“Why do you do trail work?” I get that question a lot from my female friends. They see me coming off projects looking dirty, sweaty and tired. And occasionally, with a crushed fingernail and plenty of mosquito bites.
What they can’t see are the many friendships I’ve built with people who share my love of land stewardship. What they can’t see is the intense sense of accomplishment I feel. They can’t feel the pride I feel. Pride that fills my soul, not only on that day but every day that I ride on that trail. The trail that I built with my own hands. The trail that, because I’ve built it to be sustainable, might outlive me. It’s an incredible rush and I’m rather addicted.
The numbers of women who go on trail building projects are small compared to the number of men, but thankfully, our numbers are growing. Trail building and design is not an arena for men only. Those who ride, run and hike on trails already have the foundation. You know, when you are riding, what a good trail feels like. You fell how it follows the natural contours of the land and you just flow along with it, connected to it, flowing through beautiful singletrack. And you can see when a trail is a bad one… eroded trails with water ruts, exposed roots and puddles. Trails that were once singletrack that have become braided and widened. If you have ever ridden on some sweet singletrack and can recognize it, with a little practice, you can build it too.

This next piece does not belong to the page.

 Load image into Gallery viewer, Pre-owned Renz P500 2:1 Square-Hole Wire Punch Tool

Some of my friends worry that they are not strong enough to work a project. They see the pictures of burly boys with tools smacking on rocks and hauling boulders. But I assure you, with the right tools and gravity, anyone can build sustainable trail. I’m barely 5’4”, but put a pickaxe in my hand and I’m a giant! And even if heavy lifting and smacking aren’t for you, there are generally other less physical tasks that must be accomplished. In more densely forested areas there is no replacement for a good set of pruning sheers, an axe or a small hand saw.

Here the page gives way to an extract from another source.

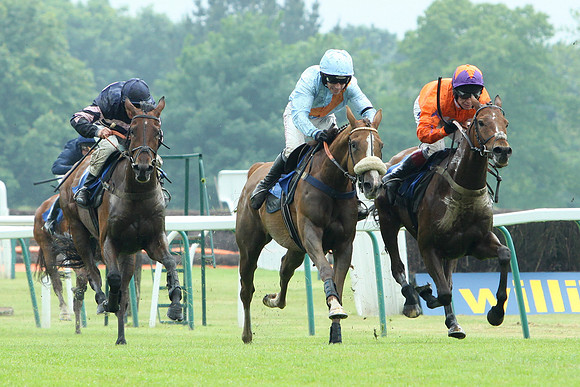 11.06.2013_RACE_2.11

I highly encourage all trail users to engage in trail building and maintenance days in your area. Trails are not static. Even when built sustainably they need a little TLC. Trail building and maintenance projects happen everywhere. Giving back one day a year is the best way to ensure that we will always have access to nature. And the rewards are boundless!

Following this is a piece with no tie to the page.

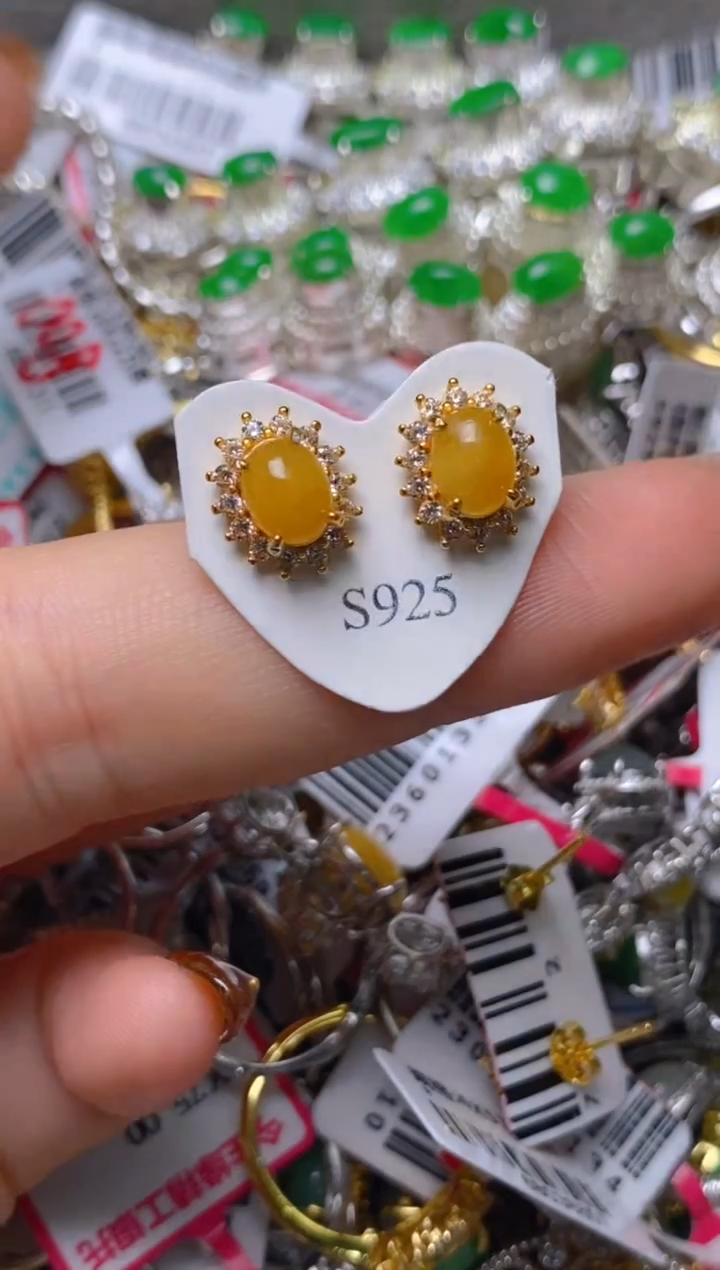 银S925镶嵌戒指翡翠百内无证书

Here’s a quick guide on how to get started:
- Look for organized groups in your area who do what you like to do. For example, if you are a mountain biker rider in Boulder, CO, like me, you have the Boulder Mountainbike Alliance. But if you live in other areas, you can go to the IMBA website to look for affiliated groups.
- SIGN UP and SHOW UP.
- You may need to contact the project sponsor for directions and a list of what to bring (though they should email it to you when your registration is confirmed).
- Stock up on the basics – comfy work gloves (padded leather if possible), work boots, sturdy pants (Carhartt’s are great for this).
- Bring a friend!
Tips on what to bring:
- Boots – not shoes, especially not sandals. Boots protect you and keep dirt out of your socks.
- Bug juice – if in mosquito-prone area.
- Camera – to record the fun!
- Clothing layers – be prepared for all kinds of weather.
- Eye protection.
- Gloves – good leather work gloves.
- Pants – not shorts. Pants protect you from all manner of shin injuries.
- Water – 1 liter for half-day, 2 liters for whole day.
See you on the trail! All your local trail users will thank you for it!